Colin Farrel is an actor I have liked in many films, I think his best performance was in "Crazy Heart" a couple of years ago, and I did not even know he was in that when I went to see it. He was well cast as a working man vampire in the other remake he starred in last August "Fright Night". Here though he shows that he can't really carry a movie like this on his own shoulders. He was believable enough in the fight scenes, but none of the fight scenes are really believable. They have that digitized, fast paced, inconsistent point of view look that you see in a lot of action films these days. Everyone punches with incredible force and no one ever seems to feel the effect of the confrontation. Outside of the physical aspects to his performance, there is really not much of a character here and he seems so blank for most of the movie that we have nothing invested.

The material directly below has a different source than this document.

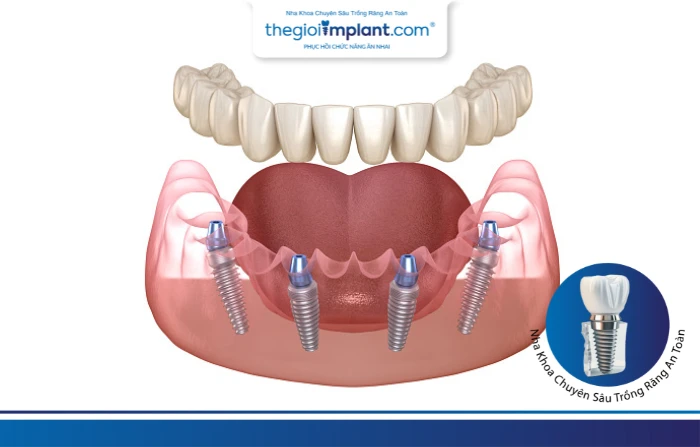 Thế Giới Implant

Say what you want about the acting chops of Arnold Schwarzenegger, he had movie star charisma and an outsized personality that could carry a big sci-fi action flick. A quick comparison of one concept from the 1990 film to the one from today illustrates what I am talking about. In the Schwarzenegger version, the "bug" homing device is planted in his head and he has to stick a long set of needle nose pliers up his nose and extract a ball the size of a plum out of his face. A combination of make up and practical effects along with Arnold's weirdly expressive face make the scene memorable and funny. Farrell has to remove a cell phone type device from his hand, we don't get a very clear shot of it taking place, it is CGI, and the funny element is provided by another actor who plays a kid he trades the phone with. We are not getting anything out of his performance in the film, it is all in the visual elements and they are not really that interesting.

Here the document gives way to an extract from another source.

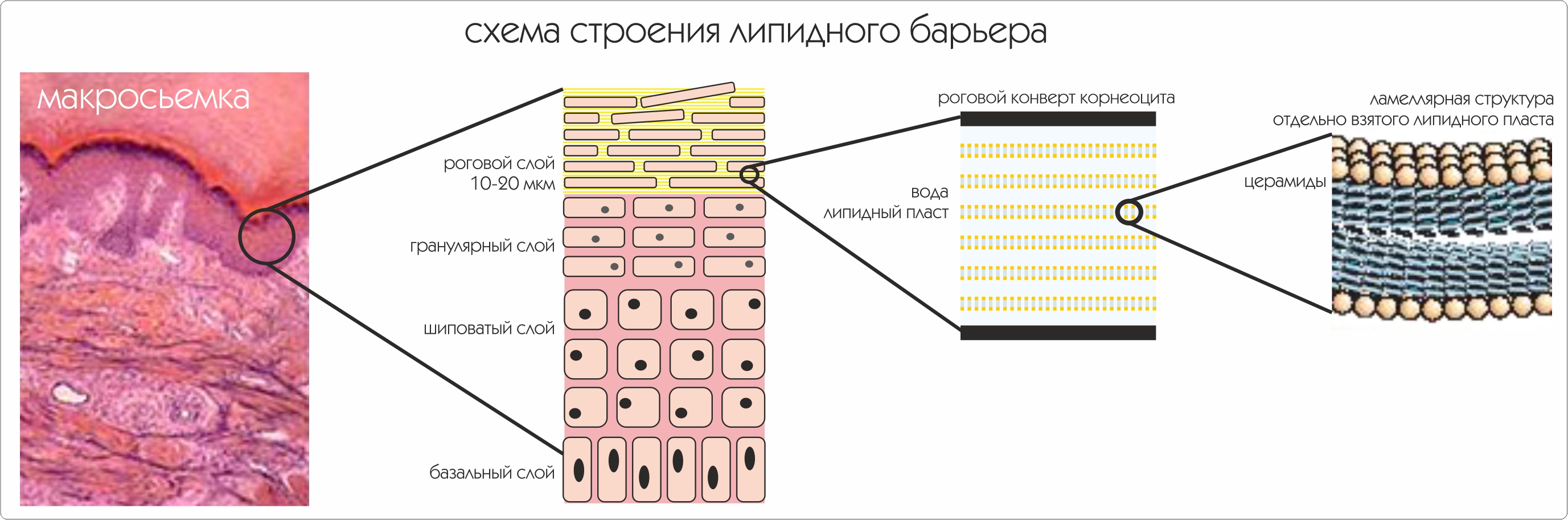 lipidny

I've seen some comments on other review sights that dismiss the effects in the 1990 film as being weak, but they all seem more real than anything that happens in this film. It looks like a video game and never sucks us in with a hint of reality. I'll take the Johnny Cab of the 1990 film over the magnetic car chase in this movie any day. The car chase seems very reminiscent of a similar vehicle chase in another film Farrell made ten years ago, "Minority Report". Maybe the concept is found in the source material, works by Phillip K.Dick, but if you are going to bother to do a remake, it should feel fresh and nothing here felt fresh. The mechanical disguise that Farrell wears is not half as clever as the one from 1990, and there is no real humor to it when the inevitable malfunction occurs. The "Mars" revolution that was presented twenty two years ago is replaced with an Earthbound conflict that makes very little sense. We are asked to believe that there is a giant elevator which can drop large numbers of people from one side of the planet to the other in just a few minutes, but we can't find a way to decontaminate parts of the planet that are supposed to be "No Zones" because of a chemical weapons war. Land and territory are the motivators of the action in the film, but the part of the planet that wants to invade is relatively uncrowded. They don't have any traffic jams and people live in large apartments with very few family members. We get scenes of congestion in the Colony that is about to be invaded, and it feels completely backwards.

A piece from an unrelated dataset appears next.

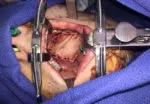 Figure 6. Soft palate reconstructed with radial forearm free flap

The concept of the movie is a mind**** that ought to be the focus of the story. Too often we leave that aside for the implacable Kate Beckindale assault, chase, and then exposition followed by another assault and chase. The part of Lori, the memory implanted wife and spyminder was a breakout role for Sharon Stone. Beckinsdale seems to be playing the same kind of character she has played in the "Underworld" movies, or is it "Resident Evil"? The look of both those series is so flat and the action so mechanical that it is hard to distinguish them from one another (Zombies and Vampires Right?). The new "Total Recall" looks like another in those movie series rather than a remake of a creative Science Fiction/action landmark. There is no sense of humor, no rationality, and the characters are never surprising or interesting. If you like high tech shoot-em-ups, then this is right up your alley. If you want something more interesting, keep waiting and "Recall" the 1990 original.